- **Source data**:
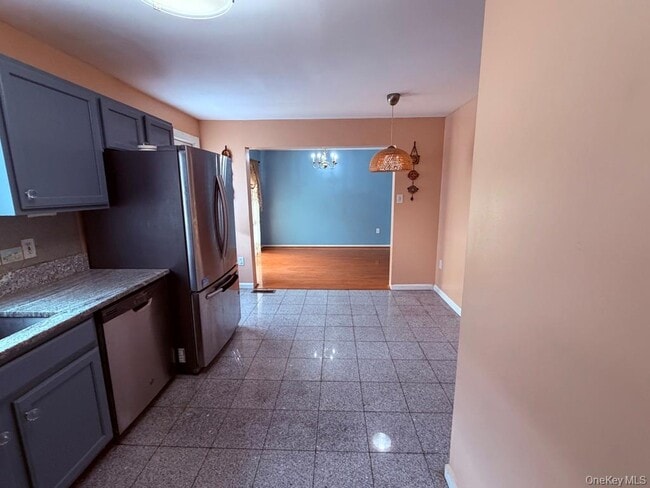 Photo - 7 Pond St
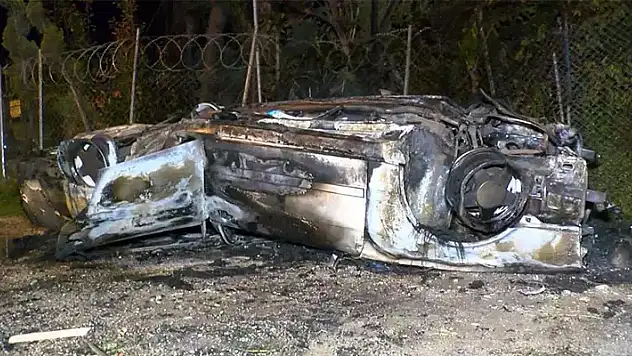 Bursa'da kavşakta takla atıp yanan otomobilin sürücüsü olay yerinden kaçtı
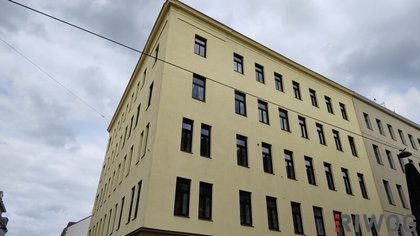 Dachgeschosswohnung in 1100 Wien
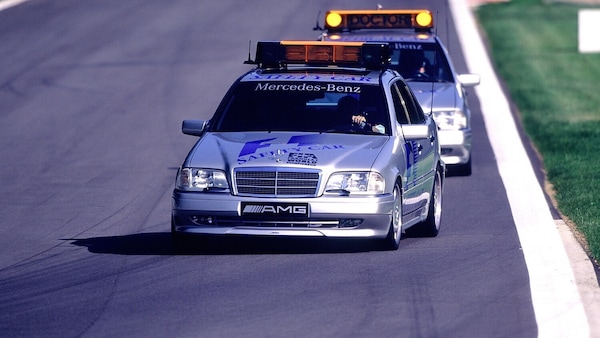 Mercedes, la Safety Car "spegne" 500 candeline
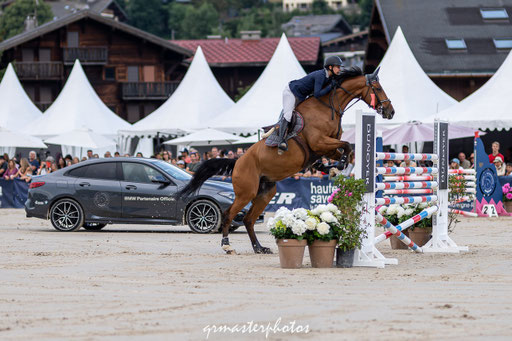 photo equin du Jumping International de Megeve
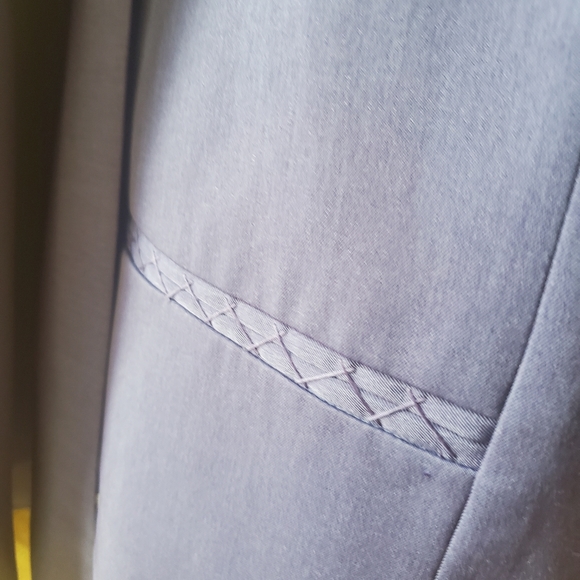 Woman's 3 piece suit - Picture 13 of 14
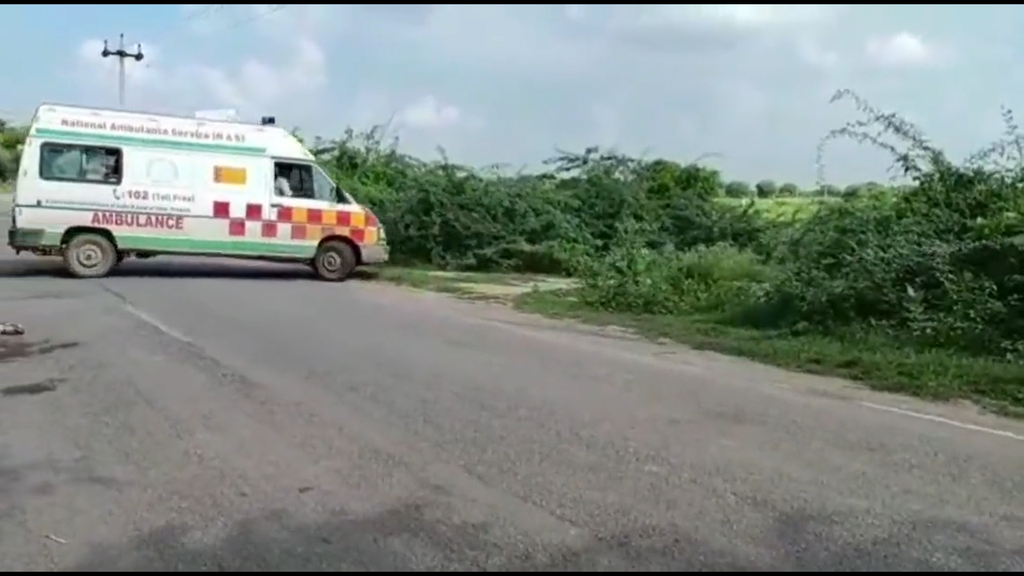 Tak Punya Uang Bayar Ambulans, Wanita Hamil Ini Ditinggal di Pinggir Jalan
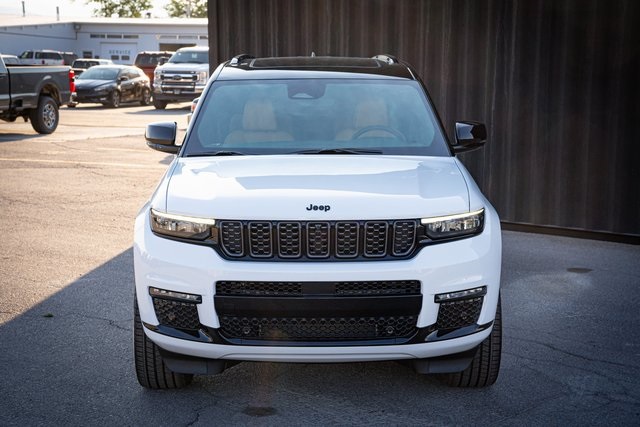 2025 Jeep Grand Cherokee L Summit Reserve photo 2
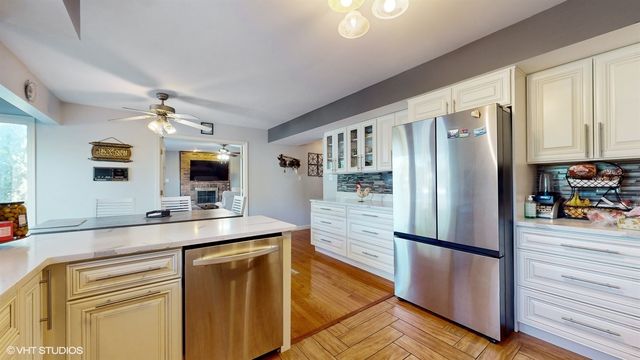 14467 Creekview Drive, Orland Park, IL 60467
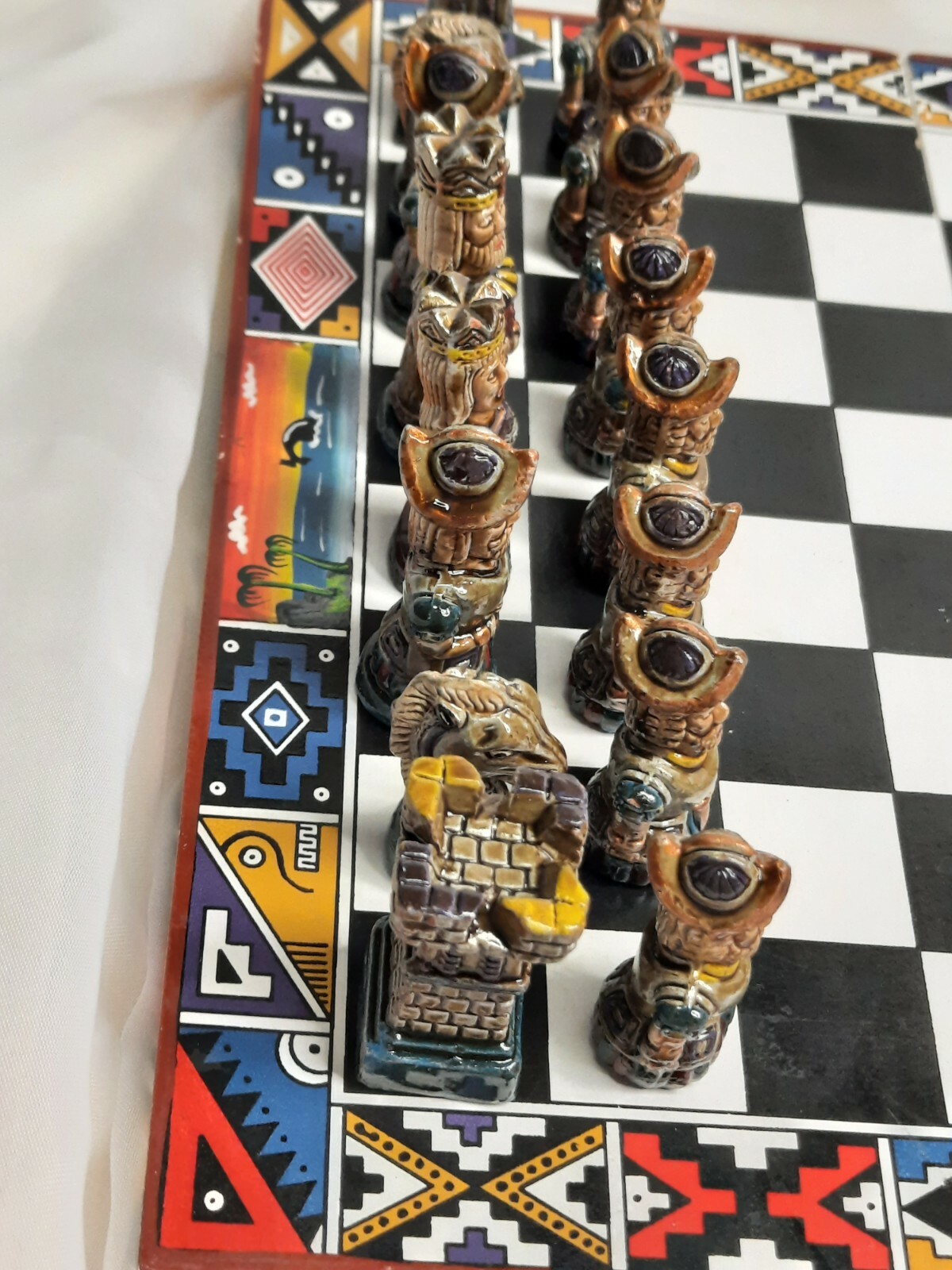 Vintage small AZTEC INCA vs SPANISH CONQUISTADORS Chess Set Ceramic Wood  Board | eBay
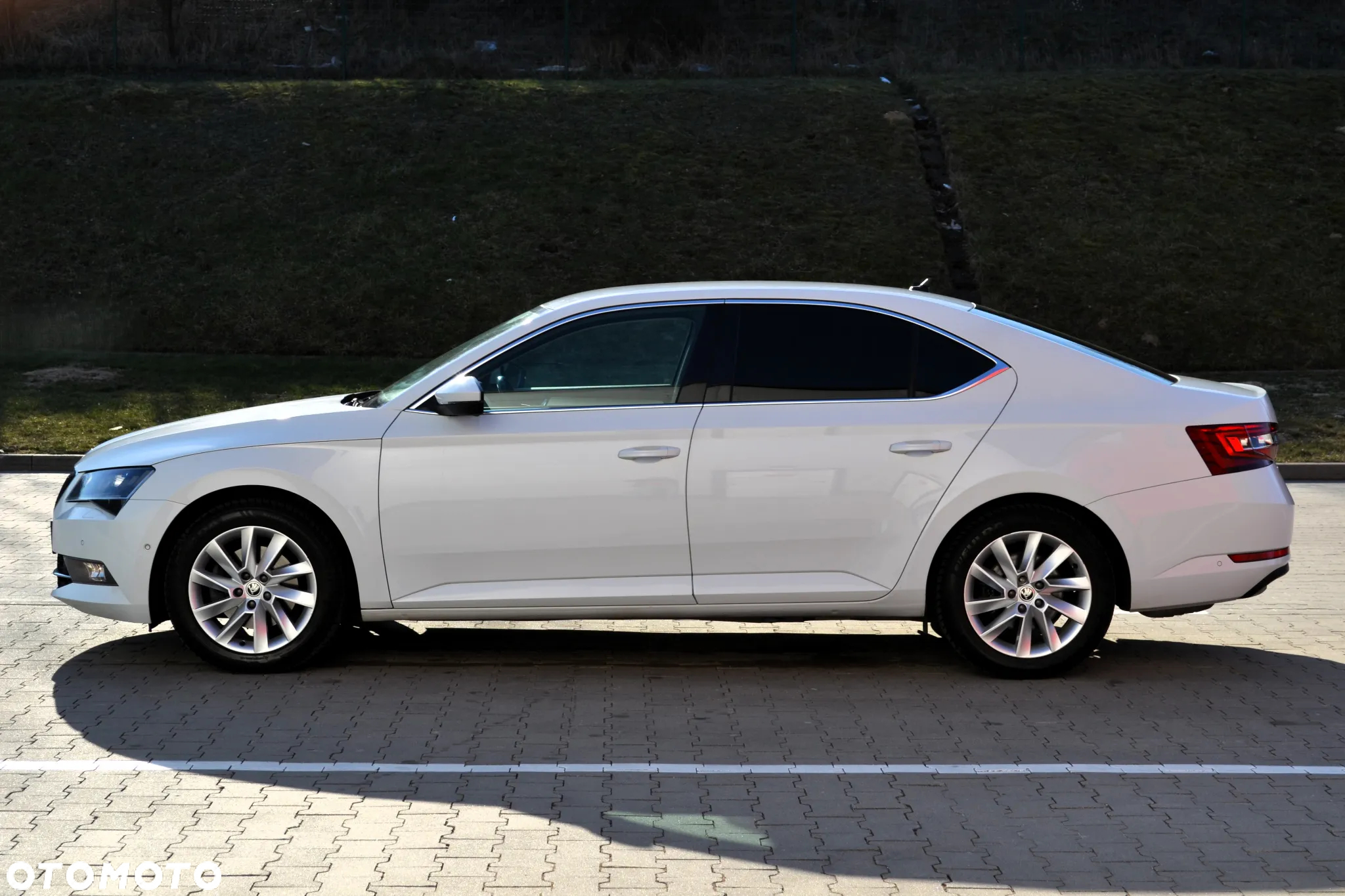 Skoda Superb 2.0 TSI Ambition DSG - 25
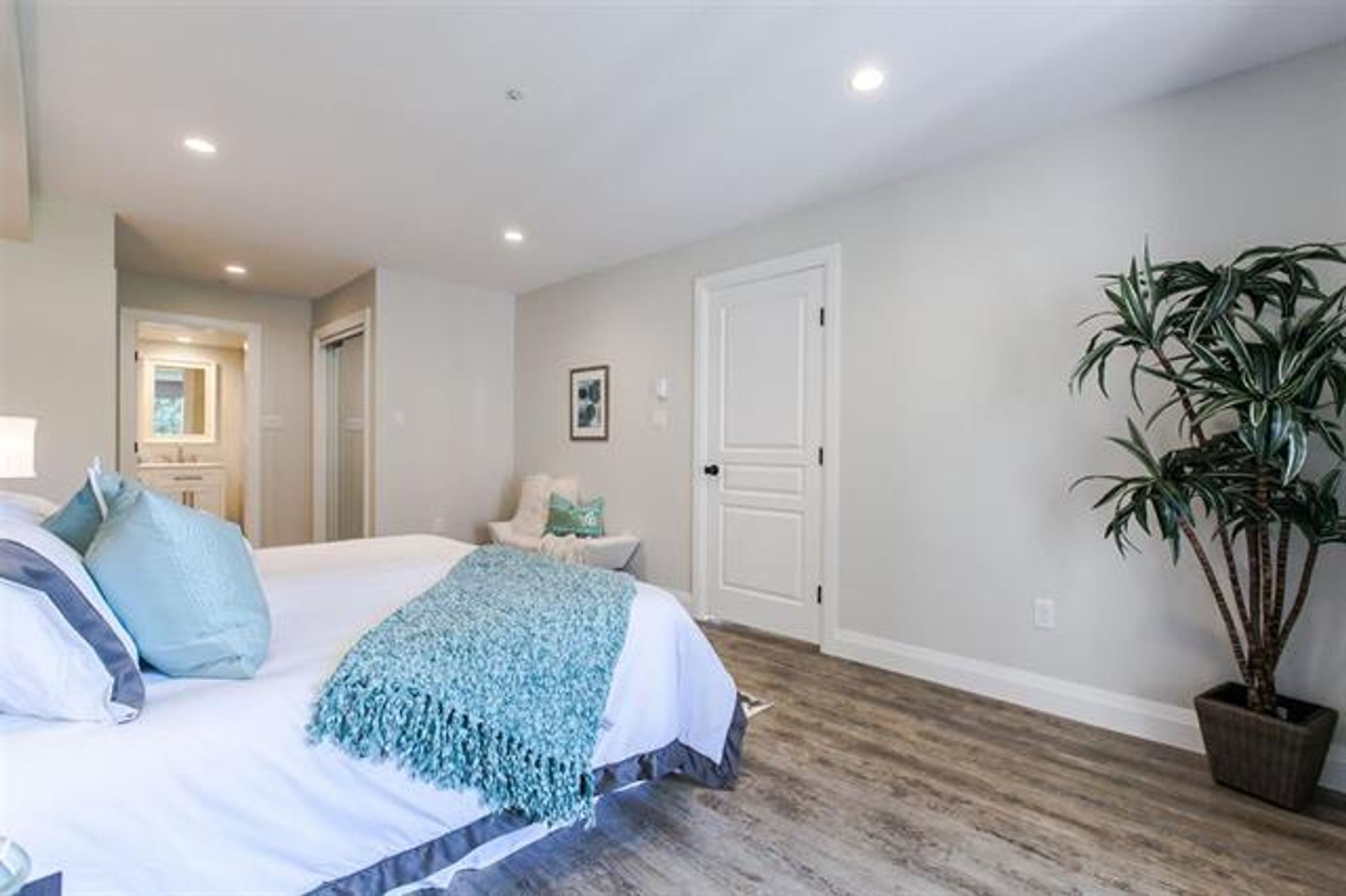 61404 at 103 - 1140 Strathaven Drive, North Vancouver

- **Problem statement**:
The lines to restate word for word run from the line that contains "Tak Punya Uang" through the end of the entries above, both ends included. Leave out all pictures and write nothing else.

- **Answer space**:
 Tak Punya Uang Bayar Ambulans, Wanita Hamil Ini Ditinggal di Pinggir Jalan
 2025 Jeep Grand Cherokee L Summit Reserve photo 2
 14467 Creekview Drive, Orland Park, IL 60467
 Vintage small AZTEC INCA vs SPANISH CONQUISTADORS Chess Set Ceramic Wood  Board | eBay
 Skoda Superb 2.0 TSI Ambition DSG - 25
 61404 at 103 - 1140 Strathaven Drive, North Vancouver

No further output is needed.